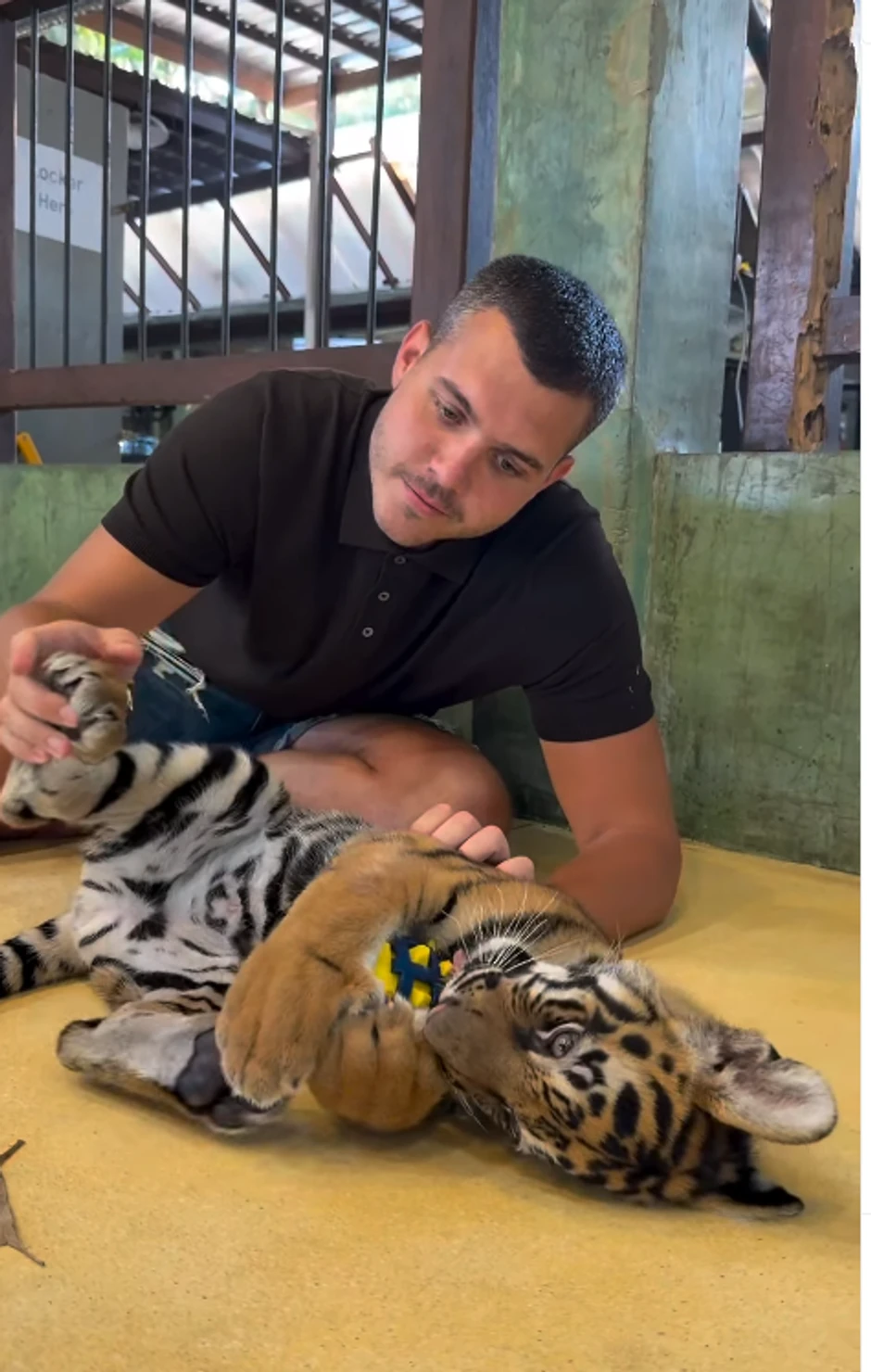 Viktor Živojinović se igra sa tigrom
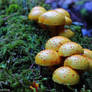 Gorge Fungi 1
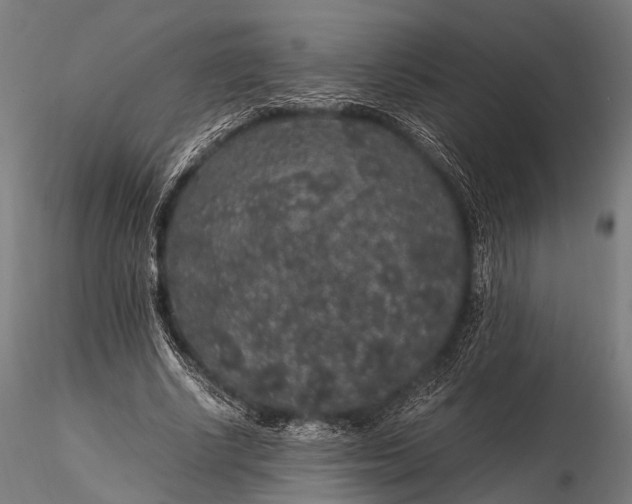 X0000116100634200912071301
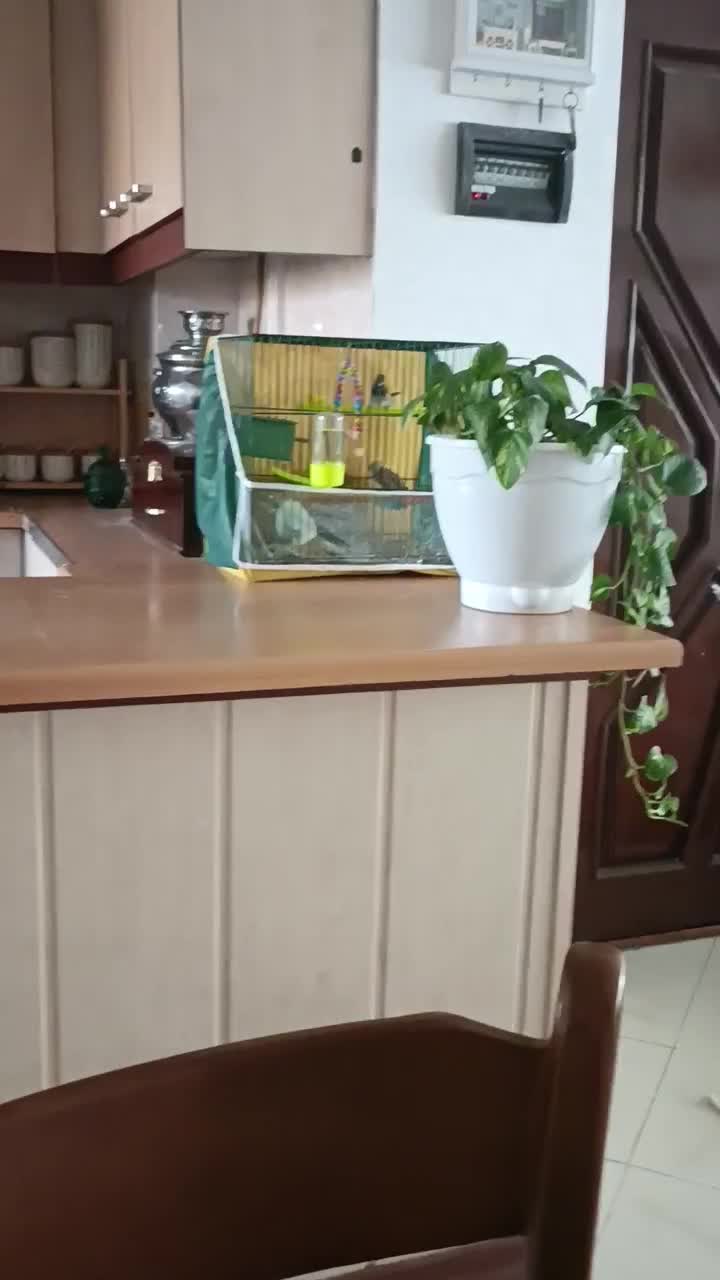 فنچ بنگالی نر|پرنده|مشهد, شهرک ابوذر|دیوار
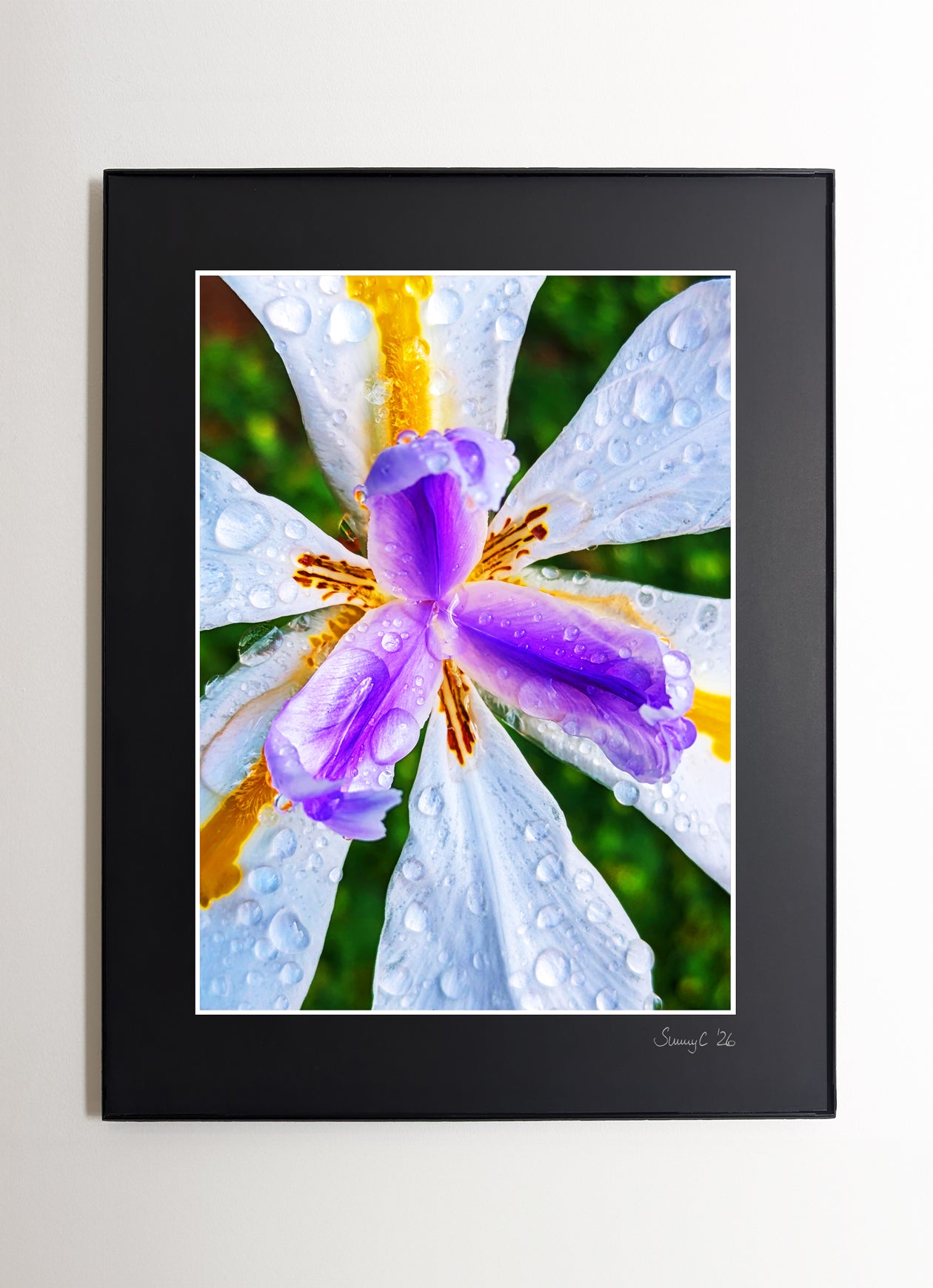 Butterfly Iris with yellow and purple markings and raindrops on white petals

= = =

● Task prompt: Only one thing is required here: an exact copy of the lines from the one bearing "فنچ بنگالی نر|پرنده|مشهد, شهرک ابوذر|دیوار" through the final line above, both included, with pictures left out.

● Solution to this problem:
 فنچ بنگالی نر|پرنده|مشهد, شهرک ابوذر|دیوار
 Butterfly Iris with yellow and purple markings and raindrops on white petals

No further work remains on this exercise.